Legendary guitarist brings magic fingers to the Bing Sunday
On his 2010 album, “Black Swans and Wormhole Wizards,” Satriani caught fans off guard by veering from his typical virtuosic fare and treading more groove-oriented terrain with slants of gospel, R&B, jazz and blues.
Satriani talked via e-mail about his post-Chickenfoot songwriting, his involvement with the Experience Hendrix tribute and the status of the Sound Strike movement protesting Arizona’s immigration law.
Q: Talk about the writing process for the new album.
A: I wrote about 50 songs, then spent a few weeks editing and picking the ones I found the most interesting. Next, I recorded demos and sent them out to the band and (producer) Mike Fraser.
Q: What was the intent of the record?
A: To reach people more deeply with my melodies, my phrasing and with the overall sound and feel of the record.
Q: You’ve said that there are songs on this album that your audience might not expect, can you elaborate?
A: “Littleworth Lane,” “Two Sides…” and “Wind In The Trees” are good examples of songs that might seem to be outside the style I’m well known for.
Q: Tell me about the significance of the Black Swans image and how it connects to the idea of wormholes.
A: Black Swans refers to the surprise, or “out of left field” style of some of the songs mentioned previously. In literature, a black swan is an unexpected or unlikely event, thing or action. Thus, the correlation with the direction of some of the new songs.
Q: How did you approach recording on this record?
A: Get a great live band in a big room and push record!
Q: How did you approach Chickenfoot versus how you approach your solo material?
A: Chickenfoot is collaborative in the studio, as we arrange all the material on the spot as a group.
Q: In what way did your experience with Chickenfoot affect the way your look at your solo material?
A: It just made me excited to record more live-oriented tracks.
Q: What can listeners expect from the next Chickenfoot album?
A: Something bigger and better than Chickenfoot 1.
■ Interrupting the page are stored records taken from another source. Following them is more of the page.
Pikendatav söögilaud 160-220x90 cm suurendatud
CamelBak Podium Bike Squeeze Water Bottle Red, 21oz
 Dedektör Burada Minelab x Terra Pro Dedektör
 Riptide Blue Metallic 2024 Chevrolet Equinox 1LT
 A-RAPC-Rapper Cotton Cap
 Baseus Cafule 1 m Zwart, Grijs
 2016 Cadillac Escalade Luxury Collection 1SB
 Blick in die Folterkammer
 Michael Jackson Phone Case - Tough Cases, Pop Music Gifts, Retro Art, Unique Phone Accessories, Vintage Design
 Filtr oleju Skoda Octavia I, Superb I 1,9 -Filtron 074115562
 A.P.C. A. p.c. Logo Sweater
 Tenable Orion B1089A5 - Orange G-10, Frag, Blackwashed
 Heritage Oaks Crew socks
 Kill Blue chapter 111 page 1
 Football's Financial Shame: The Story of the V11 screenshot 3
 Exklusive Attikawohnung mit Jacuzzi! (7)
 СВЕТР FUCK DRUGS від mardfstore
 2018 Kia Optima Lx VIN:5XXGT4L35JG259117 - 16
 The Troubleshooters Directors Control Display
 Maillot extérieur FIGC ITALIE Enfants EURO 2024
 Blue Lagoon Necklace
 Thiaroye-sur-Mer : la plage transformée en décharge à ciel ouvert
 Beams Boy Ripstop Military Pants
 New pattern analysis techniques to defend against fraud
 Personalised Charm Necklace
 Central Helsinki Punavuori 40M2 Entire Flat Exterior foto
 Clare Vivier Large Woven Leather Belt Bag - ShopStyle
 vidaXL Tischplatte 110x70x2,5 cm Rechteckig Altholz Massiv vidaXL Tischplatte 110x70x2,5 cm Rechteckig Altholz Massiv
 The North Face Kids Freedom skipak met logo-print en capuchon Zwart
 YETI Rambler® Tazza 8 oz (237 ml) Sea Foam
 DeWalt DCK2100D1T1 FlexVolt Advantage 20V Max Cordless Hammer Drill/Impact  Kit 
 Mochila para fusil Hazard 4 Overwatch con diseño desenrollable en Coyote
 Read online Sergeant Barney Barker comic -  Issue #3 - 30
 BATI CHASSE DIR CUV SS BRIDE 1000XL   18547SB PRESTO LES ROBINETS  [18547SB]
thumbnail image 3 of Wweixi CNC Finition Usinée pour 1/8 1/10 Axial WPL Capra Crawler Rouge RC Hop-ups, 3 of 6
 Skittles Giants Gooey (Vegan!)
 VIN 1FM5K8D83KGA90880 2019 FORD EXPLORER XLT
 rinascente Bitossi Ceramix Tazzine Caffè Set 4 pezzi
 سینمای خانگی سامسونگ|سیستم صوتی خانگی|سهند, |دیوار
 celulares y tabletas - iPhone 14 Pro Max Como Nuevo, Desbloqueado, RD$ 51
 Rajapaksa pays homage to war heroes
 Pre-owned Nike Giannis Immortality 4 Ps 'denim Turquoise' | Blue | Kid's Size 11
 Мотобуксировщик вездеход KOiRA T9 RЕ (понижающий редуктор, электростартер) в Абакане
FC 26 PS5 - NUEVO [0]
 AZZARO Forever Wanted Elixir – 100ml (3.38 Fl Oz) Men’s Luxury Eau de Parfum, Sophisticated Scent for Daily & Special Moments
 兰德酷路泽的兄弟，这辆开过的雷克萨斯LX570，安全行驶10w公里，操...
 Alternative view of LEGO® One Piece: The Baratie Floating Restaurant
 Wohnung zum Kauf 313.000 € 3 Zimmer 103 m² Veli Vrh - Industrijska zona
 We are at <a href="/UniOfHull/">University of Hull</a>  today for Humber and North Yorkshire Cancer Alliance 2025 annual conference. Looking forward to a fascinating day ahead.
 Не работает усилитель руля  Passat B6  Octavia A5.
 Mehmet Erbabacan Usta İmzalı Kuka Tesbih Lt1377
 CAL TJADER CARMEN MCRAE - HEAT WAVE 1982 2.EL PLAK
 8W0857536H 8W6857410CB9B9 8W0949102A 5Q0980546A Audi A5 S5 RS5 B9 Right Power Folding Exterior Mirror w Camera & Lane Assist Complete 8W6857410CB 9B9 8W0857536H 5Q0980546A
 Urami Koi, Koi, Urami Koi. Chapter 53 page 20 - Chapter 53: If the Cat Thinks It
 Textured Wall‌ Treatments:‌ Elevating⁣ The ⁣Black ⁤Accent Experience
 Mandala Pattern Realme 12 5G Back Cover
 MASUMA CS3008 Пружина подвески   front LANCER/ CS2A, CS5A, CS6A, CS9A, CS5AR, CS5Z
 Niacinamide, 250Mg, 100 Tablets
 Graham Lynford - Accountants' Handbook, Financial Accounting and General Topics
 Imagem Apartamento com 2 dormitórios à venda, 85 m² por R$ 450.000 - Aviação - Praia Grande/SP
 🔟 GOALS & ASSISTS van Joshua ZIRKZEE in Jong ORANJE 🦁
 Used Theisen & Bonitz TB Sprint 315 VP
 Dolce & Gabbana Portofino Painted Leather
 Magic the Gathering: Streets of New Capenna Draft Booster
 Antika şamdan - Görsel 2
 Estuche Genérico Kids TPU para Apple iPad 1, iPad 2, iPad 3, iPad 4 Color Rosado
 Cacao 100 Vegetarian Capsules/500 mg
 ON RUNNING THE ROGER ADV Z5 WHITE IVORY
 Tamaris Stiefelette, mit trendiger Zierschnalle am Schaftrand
Q: What was the Experience Hendrix project like for you?
A: I had a great time playing with all the super players on that tour. Playing Hendrix music is cathartic for me. I love Jimi’s music.
Q: What did you think about Nicki Minaj sampling “Always With Me, Always With You”?
A: Nicki and her producer asked for permission to use part of my composition “Always …” in their song “Right Thru Me.” So I am listed and compensated as a co-writer. I love what Nicki did with the song, she is a great talent.
Q: How did you get involved with Sound Strike, what’s the status of the movement?
A: We are waiting to see what the Supreme (Court) has to say about SB 1070 (the Arizona law). I am hoping they find it unconstitutional, and prevent its implementation. If not, I will end my boycott of the state and try to change their minds by showing up and making a lot of noise.